« Il est des lieux de feu qui me glacent le sang,
D'insanes crémations en mémoire, obscurcies
De cendre éparpillée dans la mer de l'oubli.
N'y cherche ni regrets ni remords ! Et pourtant... »
Ce jour-là, tes rires d'enfant heureuse perlèrent nos harassantes visites à la fière cité des Hohenzollern; la baroque Zeughaus, imposante et austère malgré tes courses primesautières dans les longs couloirs, les escaliers blancs du bâtiment des expositions temporaires,
« C'est Pei, mon préféré! On se croirait à Paris ici ! » t'écrias-tu, facétieuse étudiante en architecture; la Kommandanten Haus, ressurgie de ses cendres guerrières; le lyrique Staatsoper, trapu et laid, au-dessus duquel planaient encore les arias de Cleopatra.
Et partout l'écho de mon bonheur d'être près de toi se perdait dans l'ombre de cette ville, le signe noir sous l'albâtre trop propre du changement perpétuel.
Tes pas, fragiles dans le soir qui avançait en secret sa belle dame blanche, tes pas irréguliers, légers dans cette danse éternelle de l'amour, et la lune là-haut intruse malgré elle dans la lumière encore trop vive de l'éther, trottent encore dans ma mémoire.
Tes petits pas de danse sur la Bebelplatz surprise, offerte en autodafé à mon amour, dessinèrent dans l'espace les mots de Richter aux bords de mes lèvres livrés par ma mémoire, au mépris honteux du siècle de l'oubli : « Aux plaines de la lune éclatante de lis, habite la mère des hommes, avec ses filles innombrables, dans la paix de l'éternel amour »
Tu tournas sur toi-même, lune désespérée à la recherche de ton soleil, souriante, les bras en croix.
Tu scandas à ton tour ces mots de Johann Paul, pour me rejoindre étonnante et furtive dans cette époque trépassée : « Là règne un pur éther que ne trouble jamais le plus léger nuage. Là demeurent de tendres âmes que la haine n'a jamais effleurées», pour conclure dans un baiser « mes tendres âmes… »
Lisèle, j'aimais ton insouciance, ta gaieté et ta vie.
J'aime en toi cette fille de Sion ! Tu es mon sang, mon élue, ma germaine.
Puis notre promenade oublieuse sous les tilleuls et le soir annonçant ma fin.
Tes yeux, profonds comme cette longue perspective qui de la large avenue plonge vers la Brandenburger Tor accusèrent une tristesse décalée.
Et pourtant tout semblait convoqué à être témoin de mon bonheur : L'air léger et doux de la saison précoce, la couleur indigo du ciel berlinois à rendre fou le peintre qui sommeille encore en moi, ta robe légère, si légère qu'un souffle imperceptible la fit frémir faiblement, et même le rire indifférent des passants croisés. Tout se précipitait heureux vers cette nuit clémente, trop sans doute, pour cette ville de pierres tranquilles, gaie, grossière, inélégante.
Tes yeux grands ouverts sombrèrent soudain. Lointains. Caressant apaisé la déferlante de l'émotion, ton regard coula lentement dans l'humidité grise, troublé du bleu profond de la nuit qui frappait encore à la porte de pierre érigée là-bas, tout là-bas, au fond.
Où s'abîmèrent tes pensées, Lisèle mon amour ?

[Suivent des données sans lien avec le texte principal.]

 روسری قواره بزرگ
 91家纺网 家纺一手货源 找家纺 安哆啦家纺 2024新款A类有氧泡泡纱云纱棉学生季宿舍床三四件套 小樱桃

Tes yeux noirs vers le vague tendus, se perdirent sous cette perspective enfouie dans l'histoire, sans traces apparentes, le sang trop vite séché, nettoyé.
Tes yeux ne me parlèrent plus.
Tu prononças ces quelques mots, gravés sur le marbre rencontré tout à l'heure, à peine audibles :
« wir gedenken der millionen ermordeter Juden »
« Mon amour ! Ne pense pas à ça !» je suppliai terrifié.
Ton cœur était ailleurs. Il se noya dans un flot de larmes retenues. Je te perdis.
Ton cœur, liquide entre mes doigts ensanglantés d'histoire.
Ton cœur que j'essayai impuissant de rattraper dans cette course folle du temps irréméable.
Ton cœur se vida de mon sang.
Lasse, tu te retournas. « Toi et moi c'est impossible !», le regard inondé.
Mon cri. « Lisèle, mais je t'aime ! »
Ma voix brisée trancha cette nuit de cristal et s'épancha vainement dans ton silence.
Ta main petite et froide ne vibrait plus dans la mienne aux inutiles sollicitudes.